En cette journée mondiale de lutte contre le sida, un Manitobain séropositif lance un message d'inclusion.

Marco Sousa pose pour la caméra dans la salle des nouvelles de Radio-Canada.

Marco Sousa a appris qu'il était séropositif à l'âge de 23 ans.

Photo : Radio-Canada / Caitlyn Gowriluk

Radio-Canada

Quand Marco Sousa a reçu son diagnostic du virus de l'immunodéficience humaine (VIH) à 23 ans, il a cru que sa vie était terminée.

C’était terrifiant. Je me suis isolé et ma santé mentale a décliné. Je ne voulais parler à personne, ni mes amis ni ma famille, se rappelle-t-il.

Après quelques mois, il commence à informer son entourage.

J’ai eu la chance d’avoir une famille très ouverte et aimante. C’est à ma mère que je l’ai dit en premier. Elle m’a répondu : "OK, dis-moi simplement ce que je dois savoir et comment nous pouvons gérer la situation", dit-il.

Marco Sousa a reçu beaucoup d’information et d’aide au centre de santé communautaire Nine Circles. Aujourd’hui, il fait partie du groupe consultatif de personnes vivant avec le VIH consulté par le centre sur la manière de sensibiliser le public et de faire disparaître les stéréotypes sur le virus.

En cette Journée mondiale du sida, qui coïncide cette année avec le premier jour de la Semaine de sensibilisation au sida chez les Autochtones, Marco Sousa mentionne certaines choses que les Manitobains doivent savoir à propos de ceux qui vivent avec le VIH, selon le groupe.

« Apprenez à me connaître avant de juger »

Marco Sousa dit que ce premier point est extrêmement important. Vous ne voyez pas la maladie quand vous me regardez, n’est-ce pas?

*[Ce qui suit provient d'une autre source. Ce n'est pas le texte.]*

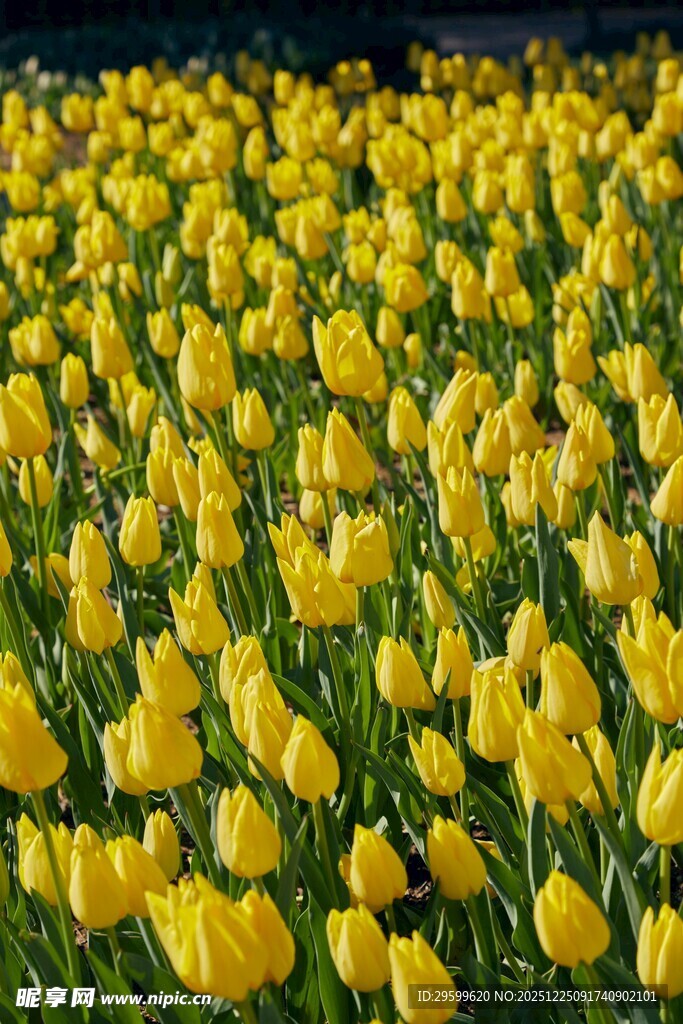 金黄郁金香花海绽放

Bien que les choses aient changé depuis qu’il a reçu son diagnostic, il y a environ 13 ans, la stigmatisation reste un obstacle énorme pour ceux qui vivent avec le VIH.

Il est aujourd’hui possible de contrôler le virus et, donc, de vivre une longue vie normale, mais les effets sur la santé mentale sont importants. Si vous connaissez quelqu’un vivant avec le VIH/SIDA, il est important de le soutenir, de lui parler, affirme-t-il.

« N’ayez pas peur de nous »

Marco Sousa dit qu’il voit souvent des réactions mitigées de la part des gens à qui il annonce qu’il est séropositif. Parfois, ils ne savent pas quoi dire, ils semblent incertains s’ils peuvent me serrer la main ou me prendre dans leurs bras, dit-il.

Il veut donc rappeler que le VIH ne peut pas être contracté par un contact physique comme une poignée de main. La persistance du mythe peut être dommageable. On se sent sale et indésirable, admet-il.

« Ne me demandez pas comment j’ai été infecté »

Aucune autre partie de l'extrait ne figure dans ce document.